For others gaining a new vocabulary word today:
> Orthopraxic v. orthodoxic: In the study of religion, orthopraxy is correct conduct, both ethical and liturgical, as opposed to faith or grace.[1][2][3] Orthopraxy is in contrast with orthodoxy, which emphasizes correct belief. The word is a neoclassical compound—ὀρθοπραξία (orthopraxia) meaning 'right practice'. [1]
[1]: https://en.wikipedia.org/wiki/Orthopraxy
Opinions differ. Best as I can tell, like all other dogmas, their rules are some blend of urban legends, game of telephone, and calvinball.
eg The nephew of the owner, prepping for his missionary work, gravely explained to me that he has to be careful not to immerse himself in open waters (or maybe it was just moving water) past the belt line. Something about being vulnerable to witches or demonic possession or whatever. And it was totally true because his cousin's best friend knew a guy who swam while on mission and then died.
I'm guessing you've gotten some downvotes for this probably because this is recognized as a pretty bizarre belief, and one most modern Mormons do not follow or aren't even aware of. Since Mormonism almost never repudiates the teachings of their past leadership, it merely stops reinforcing old and odd teachings, you'll always be able to find at least a few members who still know about and hold beliefs that the rest of the membership has either forgotten or have never been taught.
The particular belief in question here arises from modern LDS scripture (D&C 61) where God says to a group of early LDS missionaries that "there are many dangers upon the waters." These dangers are from Satan being given power over the waters as the world approaches Armageddon, and while faithful LDS missionaries will be preserved while traveling over any water (canal, lake, sea, etc) they're encouraged not to risk it if their faith is not strong enough.

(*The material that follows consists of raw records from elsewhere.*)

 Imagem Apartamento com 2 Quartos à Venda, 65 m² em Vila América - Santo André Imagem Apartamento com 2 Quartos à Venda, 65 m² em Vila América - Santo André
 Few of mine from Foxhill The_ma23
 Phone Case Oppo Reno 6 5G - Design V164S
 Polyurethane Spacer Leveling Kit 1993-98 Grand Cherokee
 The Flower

This used to be a pretty common teaching from leadership, but in recent decades it's fallen out of fashion. Missionaries are still forbidden from going swimming at any point during their missions, but usually it's presented as a result of insurance dangers facing unsupervised 18 year olds (which, let's be honest, is an entirely reasonable and accurate concern).

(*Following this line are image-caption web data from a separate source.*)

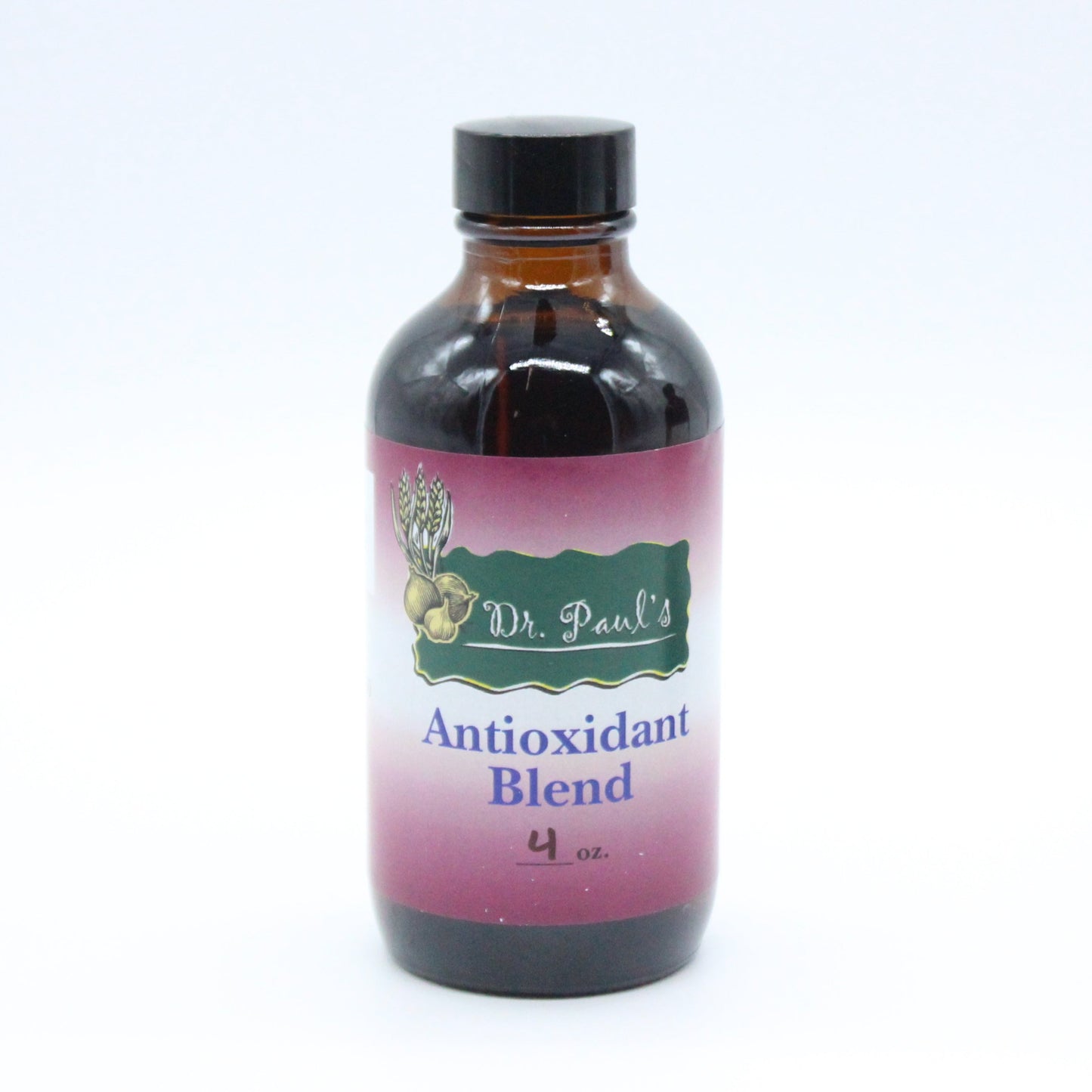 Antioxidant Blend Tincture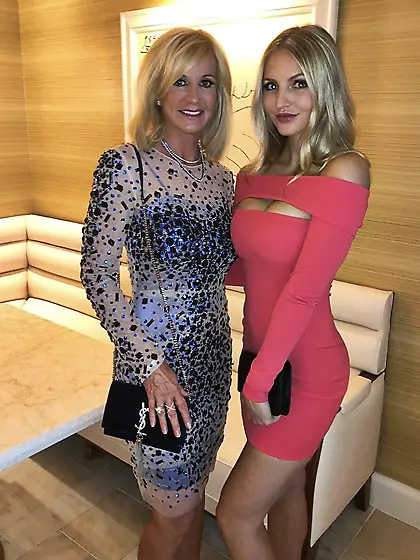 Mothers abd Daughters to use and end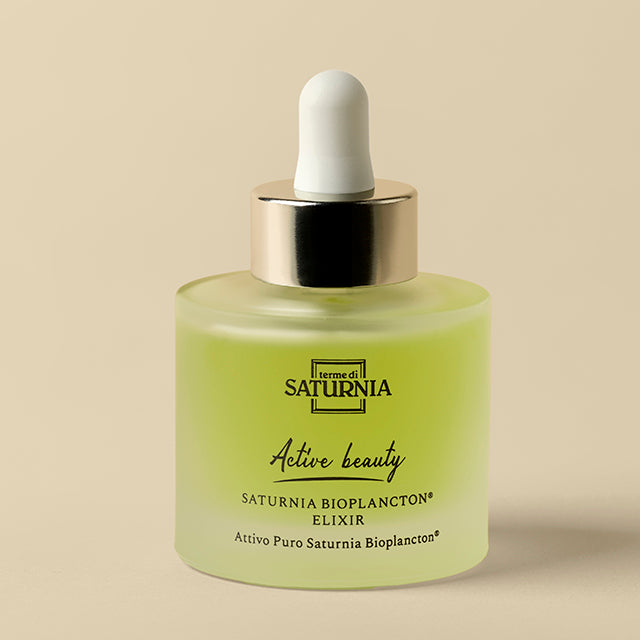 Saturnia Bioplancton® Elixir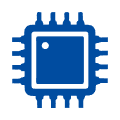 High-power wireless charging module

For almost every weird or odd belief you've heard that at least some Mormons believe, there are usually a combination of scriptures and old leadership quotes behind it, but the modern teachings have left them behind with the hope that if these odd teachings are ignored they'll go away (which works out pretty well, for the most part).

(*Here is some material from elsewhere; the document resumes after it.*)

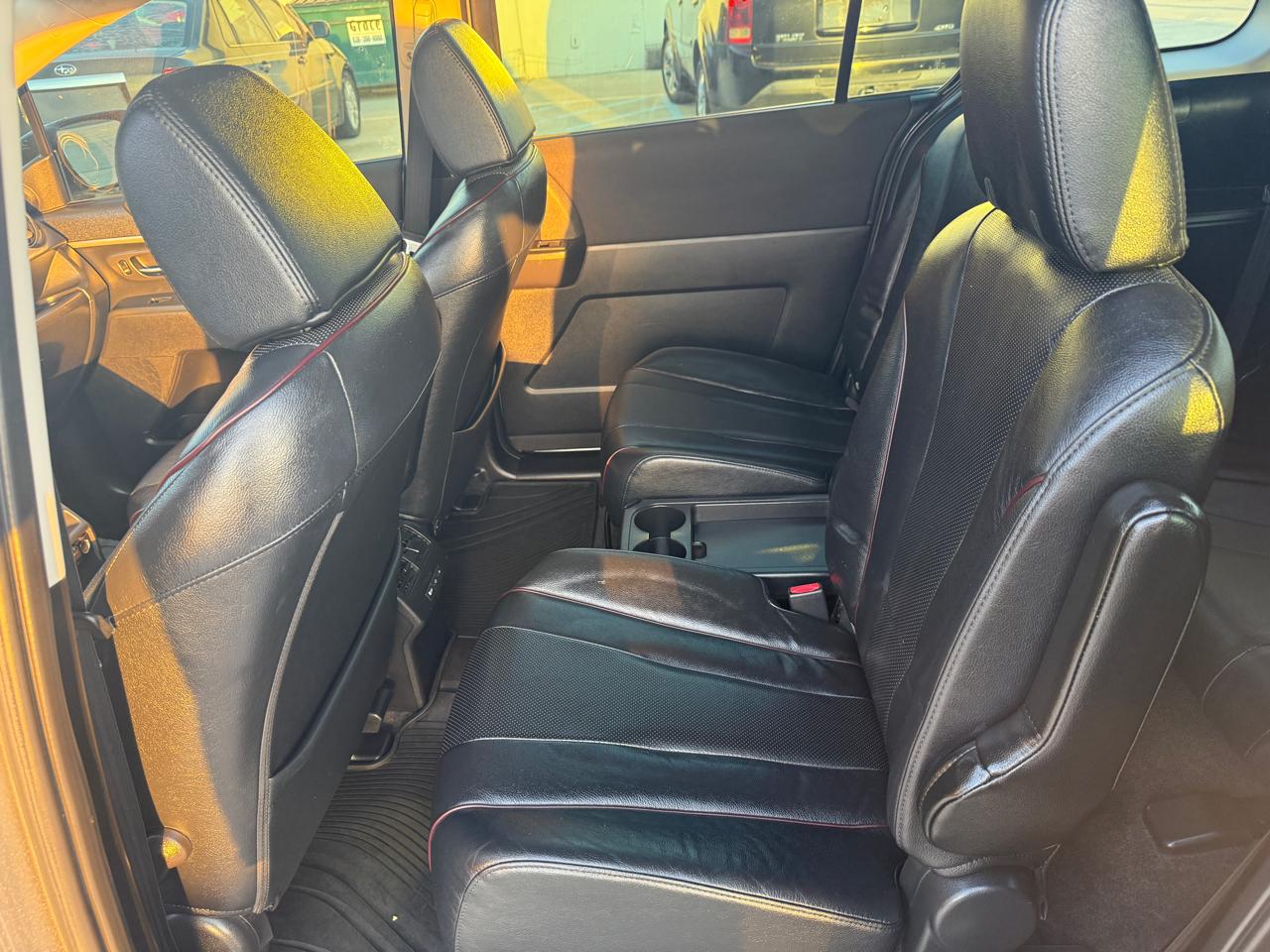 Mazda MAZDA5 Grand Touring 2015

This is mostly an issue of the hierarchal/revelatory nature of the church.
If every folk belief held by any Pope or Church Father was held as a controlling 'belief' of the Catholic Church, it'd spin apart instantly via the contradictions.
The 'Mormon' church has to deal with the contradiction of near-infallibility of its leaders with their very human frailties and willingness to opine on things without much knowledge.
Considering their need to weld together tens of thousands of converts under murder, oppression, and official government endorsement of their extermination, it was understandable they needed to centralize a belief in their leadership in order to survive. Climbing down from that philosophy has been understandably fraught and drawn out.
It depends on the family. My girlfriend wasn't allowed to drink any caffeine when she was a kid. Caffeine was normal in my family though. Coffee is pretty universally frowned upon (I don't get it either). Apparently Mtn Dew > Coffee as it pertains to health. They base their dietary standard on the "Word of Wisdom".
Source: grew up Mormon, and still have a close relationship with my Mormon family.
It's not caffeine. It's coffee, black/green tea, and alcohol. Soda has caffeine and is seen as okay.
Think of it as Jewish Kosher or Muslim Halal.